━━━━━ Records shown ━━━━━

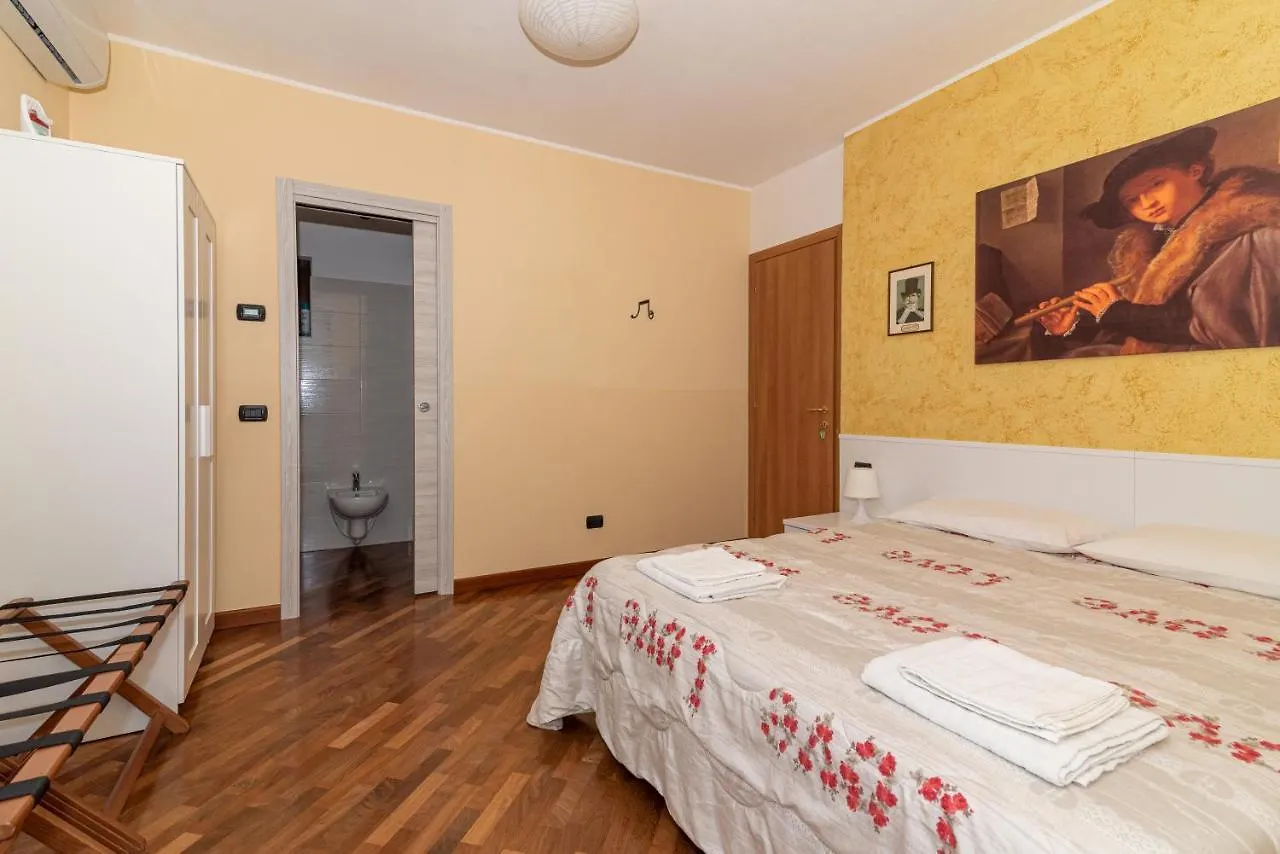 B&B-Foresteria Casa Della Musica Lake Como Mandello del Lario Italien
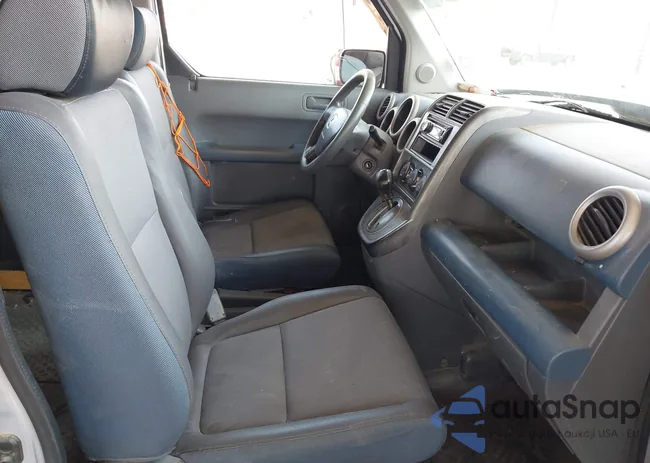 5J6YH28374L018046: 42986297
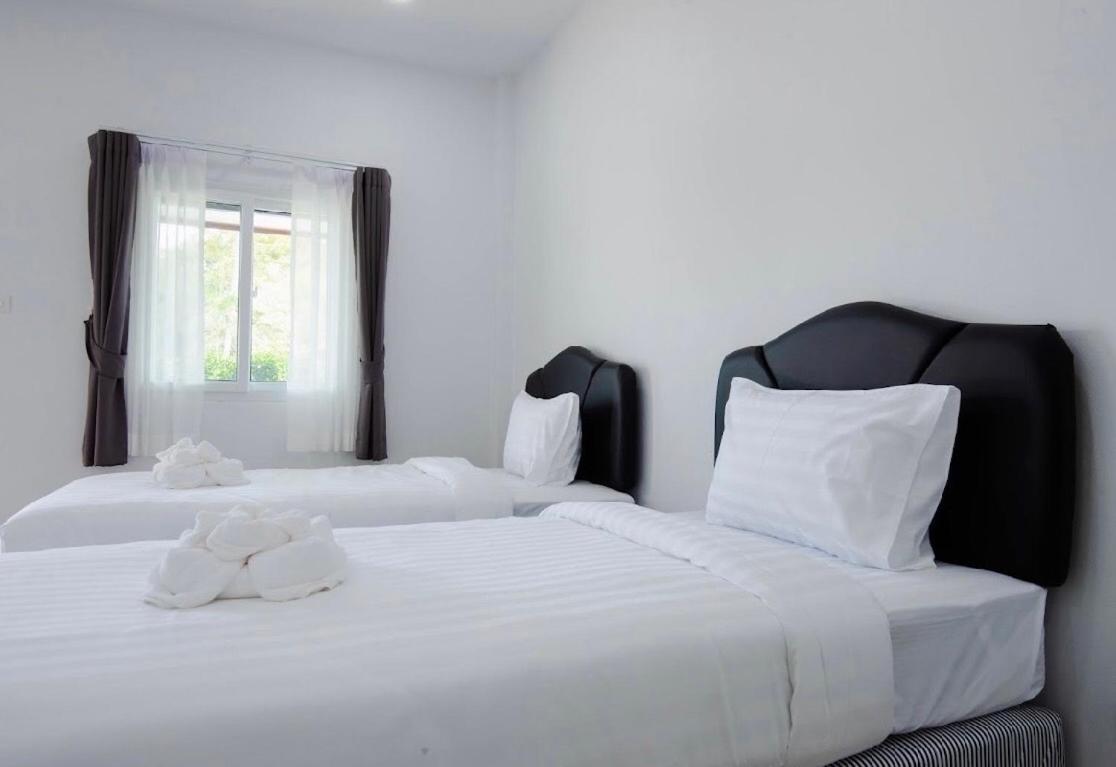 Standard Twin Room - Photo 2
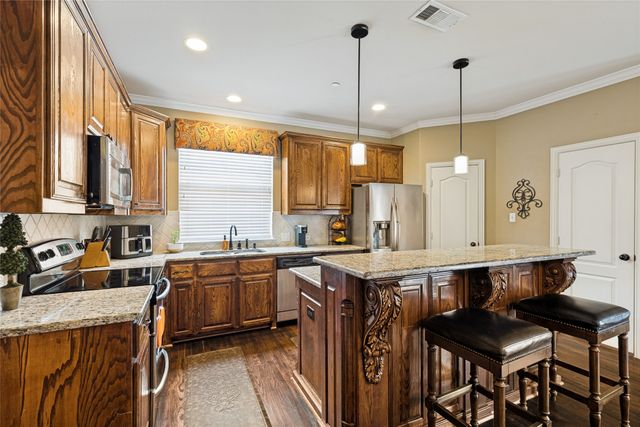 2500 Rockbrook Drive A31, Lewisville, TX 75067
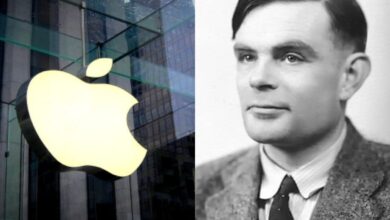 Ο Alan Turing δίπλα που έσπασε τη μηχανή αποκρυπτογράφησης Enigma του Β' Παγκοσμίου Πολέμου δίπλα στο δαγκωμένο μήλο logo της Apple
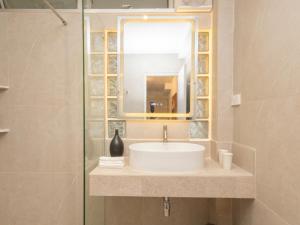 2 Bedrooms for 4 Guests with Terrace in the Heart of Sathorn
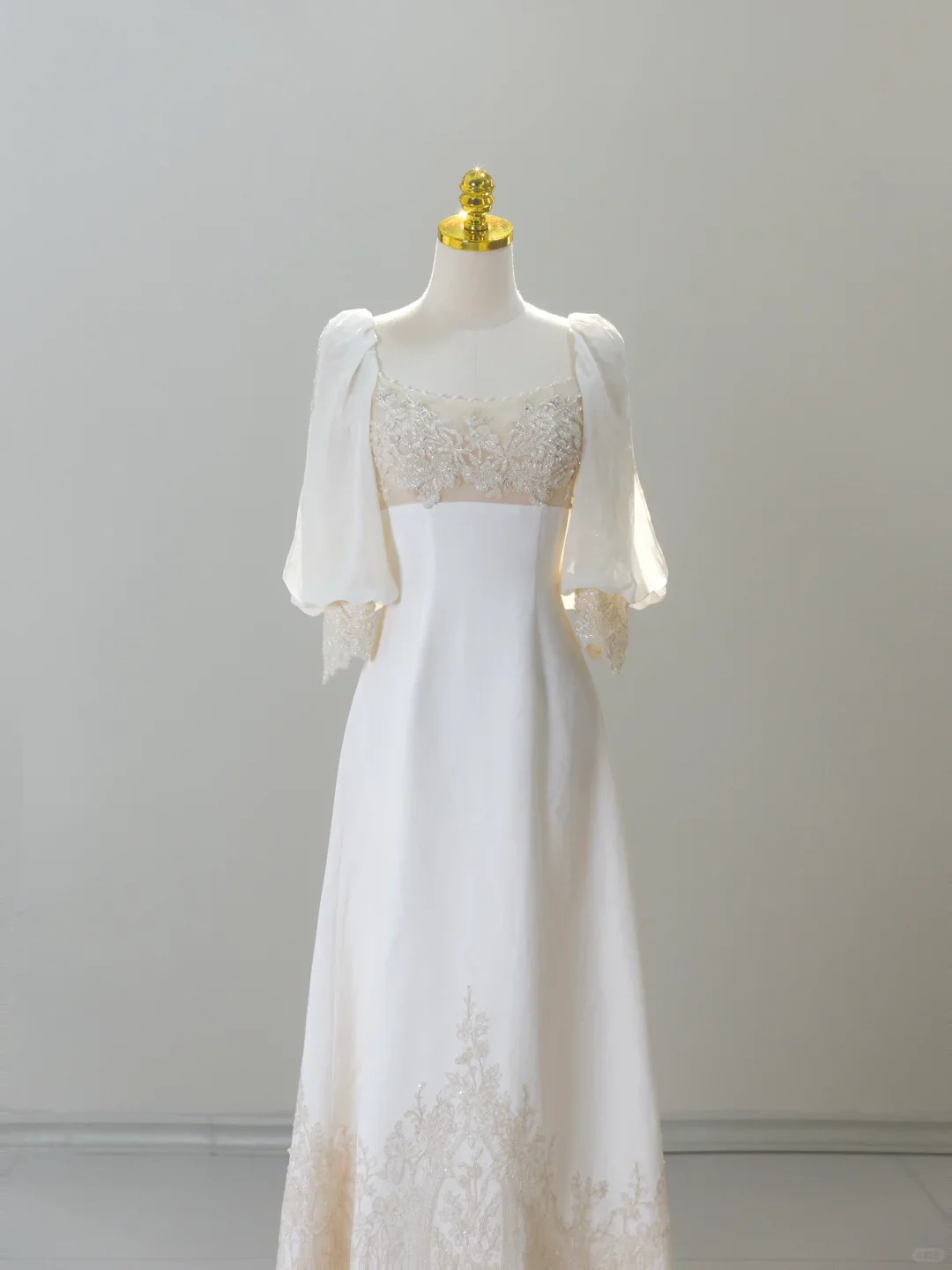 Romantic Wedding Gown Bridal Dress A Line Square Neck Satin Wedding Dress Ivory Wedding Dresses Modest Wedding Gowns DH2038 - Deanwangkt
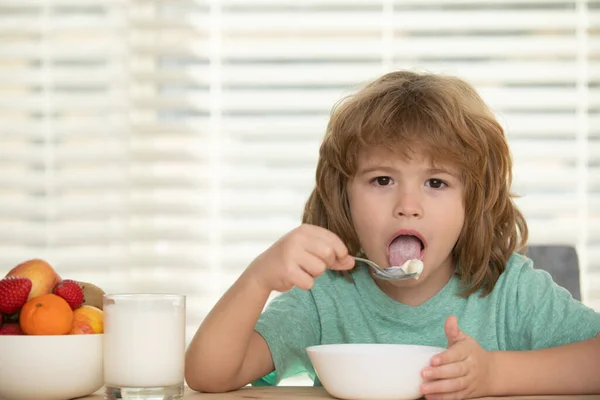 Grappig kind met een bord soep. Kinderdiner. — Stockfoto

━━━━━

→ Exercise brief
Without any pictures, restate word for word only the lines from the one with "2 Bedrooms for" through the end of the listing.

→ Solution for this task
 2 Bedrooms for 4 Guests with Terrace in the Heart of Sathorn
 Romantic Wedding Gown Bridal Dress A Line Square Neck Satin Wedding Dress Ivory Wedding Dresses Modest Wedding Gowns DH2038 - Deanwangkt
 Grappig kind met een bord soep. Kinderdiner. — Stockfoto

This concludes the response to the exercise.